Cet ouvrage se distingue comme une œuvre exceptionnelle en ce début du XXIème siècle.
Théophile Mwené Ndzalé Obenga, né à Mbaya, (République du Congo), le 2 février 1936, est égyptologue, linguiste et historien. Avec Cheikh Anta Diop, il défend une vision de l'histoire africaine recentrée sur les préoccupations des chercheurs et intellectuels africains, soucieux de revisiter leur patrimoine (Afrocentricité).
Docteur d’État ès lettres en Sciences Humaines (Sorbonne), il a étudié diverses disciplines : philosophie, linguistique historique comparative, archéologie préhistorique, sciences de l'éducation, égyptologie1. Théophile Obenga a étudié la philosophie à l'université de Bordeaux. Il a fait des études d'histoire au Collège de France, à Paris, et a appris l'égyptologie à Genève. Il a également suivi une formation en sciences de l'éducation à Pittsburgh. Parmi ses professeurs, il y eut Émile Benveniste en linguistique historique, Jean Leclant et Charles Maystre en égyptologie, Rodolphe Kasser en copte, Lionel Balout en paléontologie humaine2. Ancien directeur général du Centre international des civilisations bantu (CICIBA) à Libreville, il est aujourd'hui professeur à la faculté de civilisations africaines à l'université d'État de San Francisco3, qui est un campus de l’université de Californie.

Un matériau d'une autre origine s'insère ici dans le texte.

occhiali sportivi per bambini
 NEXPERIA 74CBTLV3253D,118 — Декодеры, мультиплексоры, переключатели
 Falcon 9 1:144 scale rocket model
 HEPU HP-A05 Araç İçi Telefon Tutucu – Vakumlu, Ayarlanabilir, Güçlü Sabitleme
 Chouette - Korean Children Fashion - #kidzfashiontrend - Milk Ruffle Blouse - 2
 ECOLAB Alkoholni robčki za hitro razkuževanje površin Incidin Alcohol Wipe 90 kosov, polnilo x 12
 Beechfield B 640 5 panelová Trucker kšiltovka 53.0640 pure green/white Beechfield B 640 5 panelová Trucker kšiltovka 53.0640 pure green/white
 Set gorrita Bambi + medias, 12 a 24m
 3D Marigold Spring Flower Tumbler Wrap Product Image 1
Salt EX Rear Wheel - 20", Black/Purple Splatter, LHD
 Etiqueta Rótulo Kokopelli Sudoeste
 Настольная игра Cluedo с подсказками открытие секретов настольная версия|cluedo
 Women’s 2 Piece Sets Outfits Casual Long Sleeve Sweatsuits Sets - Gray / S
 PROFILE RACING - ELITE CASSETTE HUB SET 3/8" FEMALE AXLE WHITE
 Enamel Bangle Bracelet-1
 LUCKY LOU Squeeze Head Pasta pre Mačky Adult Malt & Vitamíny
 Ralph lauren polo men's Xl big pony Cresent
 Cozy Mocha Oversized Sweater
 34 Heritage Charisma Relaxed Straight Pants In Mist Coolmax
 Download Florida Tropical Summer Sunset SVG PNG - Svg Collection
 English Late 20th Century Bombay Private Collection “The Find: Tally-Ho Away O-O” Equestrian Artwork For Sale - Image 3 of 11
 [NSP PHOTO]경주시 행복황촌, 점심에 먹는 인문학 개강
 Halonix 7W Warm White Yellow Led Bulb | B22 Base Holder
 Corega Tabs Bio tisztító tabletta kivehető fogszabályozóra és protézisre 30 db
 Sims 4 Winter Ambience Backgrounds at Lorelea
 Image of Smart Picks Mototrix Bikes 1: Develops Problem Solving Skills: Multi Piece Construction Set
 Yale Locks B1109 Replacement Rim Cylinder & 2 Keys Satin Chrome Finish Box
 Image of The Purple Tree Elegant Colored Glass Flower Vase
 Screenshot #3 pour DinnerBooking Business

Il dirige Ankh, « revue d’égyptologie et des civilisations africaines » éditée à Paris. Entre autres préoccupations scientifiques, cette revue explore les différentes voies de recherche initiées ou renouvelées par Cheikh Anta Diop, dans une perspective épistémologique replaçant l'Égypte ancienne dans ce qu'il considère comme son « cadre naturel africain » et comme l'une des « civilisations négro-africaines anciennes ».
En 2009, Théophile Obenga apporte publiquement son soutien au président Denis Sassou-Nguesso, candidat à sa réélection à la présidence de la république congolaise.